Un tale sconcio: torna di danno al proprietario del Cinematografo perché il pubblico si disgusta di una proiezione che dà il mal di mare, che non lascia seguire l’azione, che non permette perfino di leggere le didascalie; torna di svantaggio gravissimo al noleggiatore per il logorìo eccessivo della pellicola e per il successo, certamente diminuito, della stessa, di gravissimo danno alla Casa produttrice, perché in forza d’una cattiva presentazione un buon film può cadere, e noi vorremmo che un bel giorno qualche Casa produttrice intentasse a qualche proprietario di sala una causa per risarcimento di danni a causa della cattiva presentazione di un film. Abbiamo già altre volte ricordato la elegante questione posta da Joe May ai Tribunali americani, questione che gli fruttò un bel mucchio di dollari. Specialmente nell’Italia Meridionale le presentazioni dovrebbero essere fatte con maggiore accuratezza, perché presso di noi vige il costume di concedere agli operatori una notevole percentuale sui films proiettati, i quali operatori asseriscono che necessaria è la percentuale perchè i proprietari, fidando su quella, dànno delle paghe troppo basse, E avviene perfino che certi direttori (e anche proprietari) dividono con gli operatori.

Il costume vale legge, resti quindi l’uso della percentuale, ma se proprio i signori operatori di cabina continuassero a non volere intendere ciò che altro non è che il loro stretto dovere, sarà il caso di fare un accordo per abolire la percentuale. Al che i signori operatori potranno rispondere… deteriorando a bella posta le pellicole! Ma per questo c’è il procuratore del Re!
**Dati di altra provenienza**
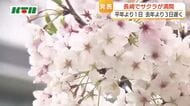  長崎で桜が満開…平年より1日、2025年より3日遅い満開　天気は下り坂で4日は春の嵐　5日はお花見日和か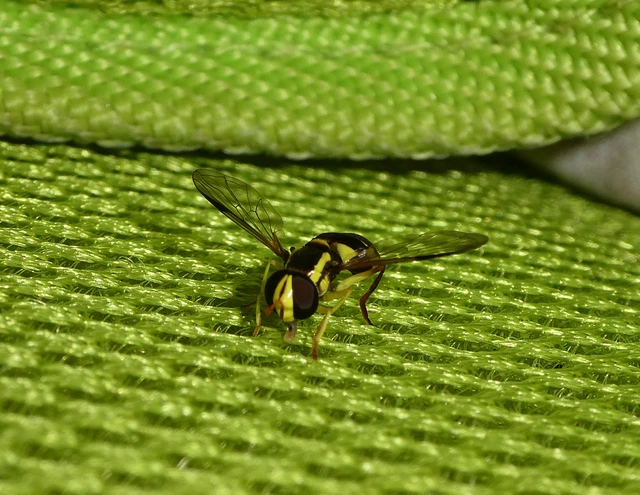 Xanthogramma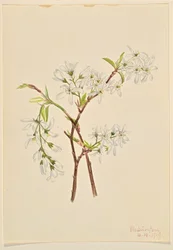Shadbuske (Amelianchier oblongifolia)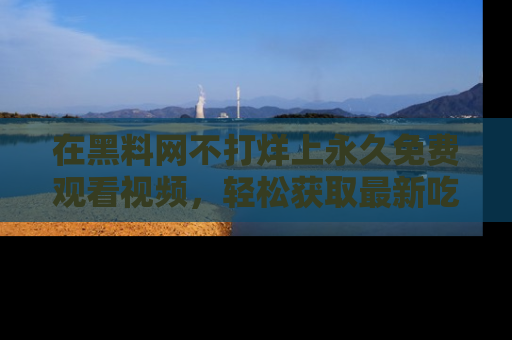 在黑料网不打烊上永久免费观看视频,轻松获取最新吃瓜资讯!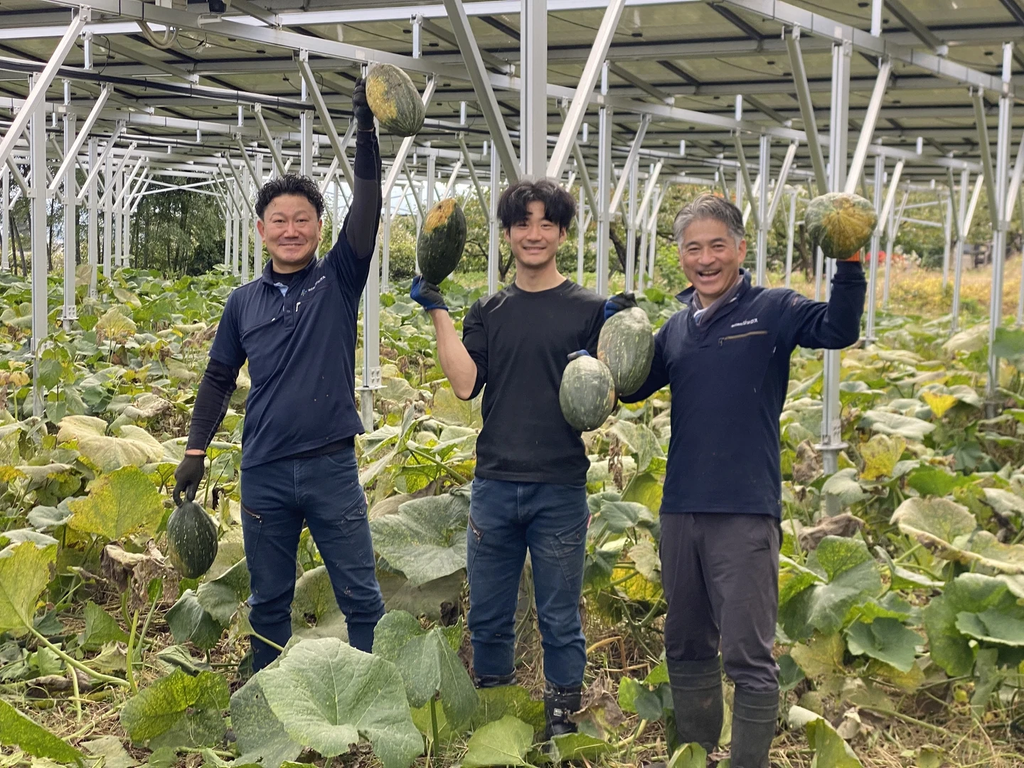 株式会社リックスのソーラーシェアリングで栽培した「万次郎かぼちゃ」の収穫
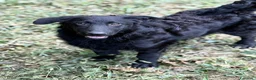 Meticcio cani in regalo: ERIC, cucciolo dolcissimo dimenticato da tutti. - Annuncio 7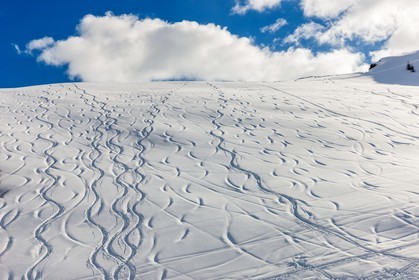 Auron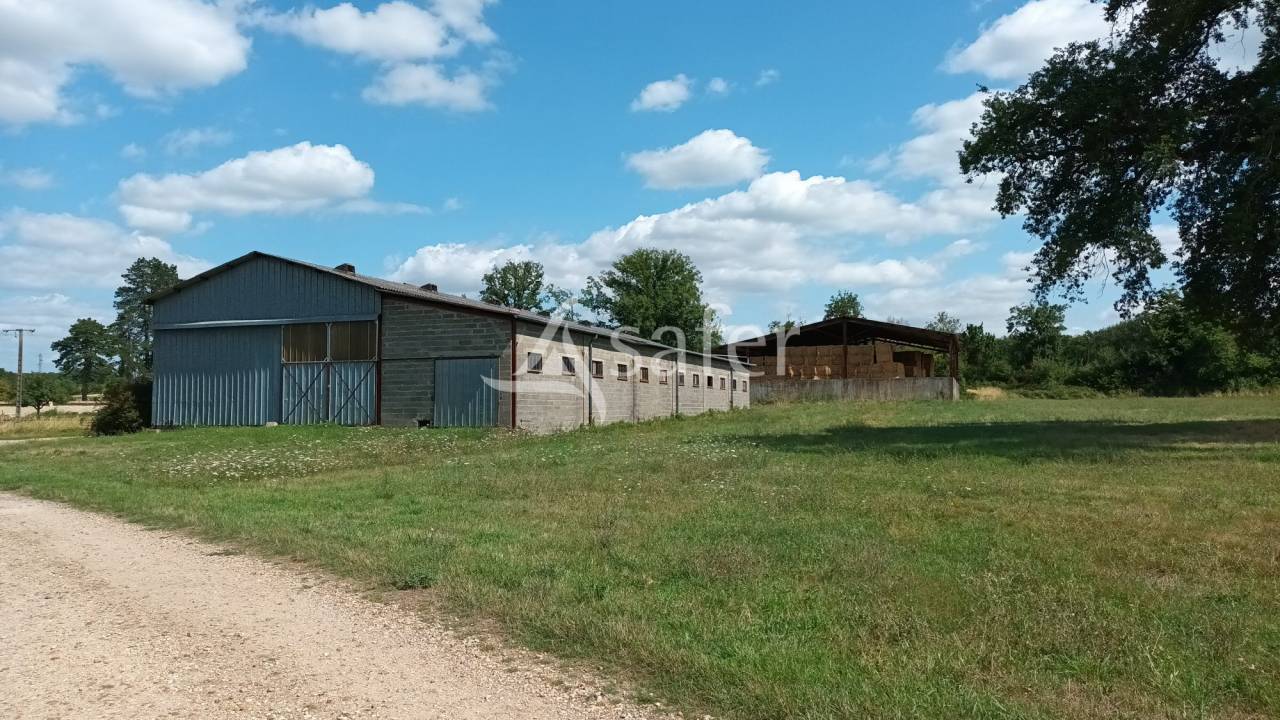 Landbouw bedrijf Koop Vienne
Da parte sua la Cine-Fono di Napoli pure insiste sull’argomento, accusando apertamente gli operatori di cabina di negligenza ed i direttori di Cinema di mancanza di criterio nella scelta del personale nonché di poca sorveglianza.

Il fatto che i giornali sopra citati vedono ambidue la luce a Napoli, starebbe a dimostrare che gli inconvenienti maggiori a questo proposito si verifichino nell’Italia Meridionale. In realtà il fenomeno non ha assunto nell’Italia Settentrionale proporzioni così allarmanti. Ma, in tono minore e con minore intensità, esso avviene pure da noi.

Noi non crediamo che il fatto tanto deprecato sia attribuibile ad un principio di «sabotaggio».

Nella maggioranza dei casi è l’ultima visione della sera che procede ad una velocità dannosa alla pellicola come alla bellezza ed all’interesse dello spettacolo.

Riteniamo piuttosto che all’inconveniente si possa rimediare con un po’ di attenzione e di scrupolosità da parte degli operatori, e, dove non basta, con un’attiva vigilanza dei direttori.

Che il fenomeno non abbia un carattere prettamente locale e che esso sia fonte di preoccupazioni anche al di là delle Alpi, è dimostrato poi da due articoli di Mon Ciné e del Film Français, che, all’insaputa della campagna fatta dai giornali di Napoli, mettono in evidenza quanto sia facile il disgustare gli spettatori con una proiezione lanciata ad una velocità vertiginosa. La Camera Sindacale della Cinematografia francese s’è interessata della questione a tal punto, da studiare un sistema d’ispezione regionale a funzionamento continuo e regolare.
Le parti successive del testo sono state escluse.